# Construct function
This notebook contains the steps gone through to examine the structure of the pages that will be scraped and to construct the individual scraping functions.

In [1]:
import bs4
from bs4 import BeautifulSoup as bs
import pandas as pd
import requests
import re

Extract list of links from the threadmarks page, for use in pipeline

In [3]:
dl_page_html = open('test_data/dl_threadmarks.html').read()
dl_soup = bs(dl_page_html)
# foreach threadmark, extract the title of the post, the hyperlink and the post id

post_id_ex = re.compile('post-[0-9]*')

html_links = [t.find('a') for t in dl_soup.find_all(class_='structItem-title threadmark_depth0')] 
threadmark_links = [(l.text.lstrip().rstrip(), l['href'], post_id_ex.findall(l['href'])[0]) for l in html_links]


In [4]:
post_id_from_tm = threadmark_links[0][2]
post_id_from_tm

'post-9987149'

# Extract particular posts from page

In [5]:
page_html = open('test_data/dl_page_1.html').read()
page_soup = bs(page_html)

Retrieve a single post from html, using the post id to identify the post

In [6]:
post = page_soup.find(attrs={'data-content':post_id_from_tm})

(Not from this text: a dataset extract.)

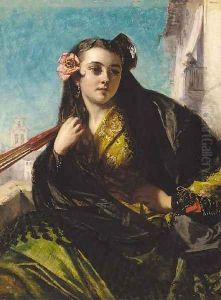 Dona Dolores de Sevilla by John Phillip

retrieve the content of the post

In [7]:
post_body = post.find('article', class_="message-body")
post_body.text[:1000]

'\n\n                   Within the borders of the Empire of Man, the Elector Counts are among the highest of nobility, second only to the Emperor and - arguably, very arguably - the High Priests. Their word is all but law over the countless thousands of souls within their province.\n                   \n\n                   You are not an Elector Count. But you are the next best thing.\n                   \n\n                   You have secured a position in the Privy Council of a newly-arisen Elector Count, an instrument for their will in a specific domain. But also an instrument for your own will; because like all people, you have your own ambitions. The way you present information, the solutions you present, the options you put towards them and how you explain them; all of these will allow you a great deal of leeway in how you go about your business, and allowing you to pursue your own private goals.\n                   \n\n                   The first question is: in what province 

retrieve the author, and other metadata

In [8]:
post_author = post['data-author']
post_author

'BoneyM'

In [9]:
post_time = post.find(class_='message-attribution').find('time').text.lstrip().rstrip()
post_time

'Jan 18, 2018'

In [10]:
# Extract information meta information from threadmarked posts

In [11]:
def collect_metadata(p):
    header = p.find(class_="message-cell--threadmark-header")
    if (header):
        t_threadmark_id = header.find('label')['for']
        t_threadmark_type = header.find('label').text.rstrip().lstrip()
        t_threadmark_title = header.find(class_='threadmarkLabel',attrs={'id':t_threadmark_id}).text.rstrip().lstrip()
        return (t_threadmark_type, t_threadmark_title)
    else:
        return ('Regular', None)

In [12]:
collect_metadata(post)

('Threadmarks', 'Character Creation - Part 1')

## Finalized function

In [53]:
def extract_info(p):
    author = p['data-author']
    date = p.find(class_='message-attribution').find('time').text.rstrip().lstrip()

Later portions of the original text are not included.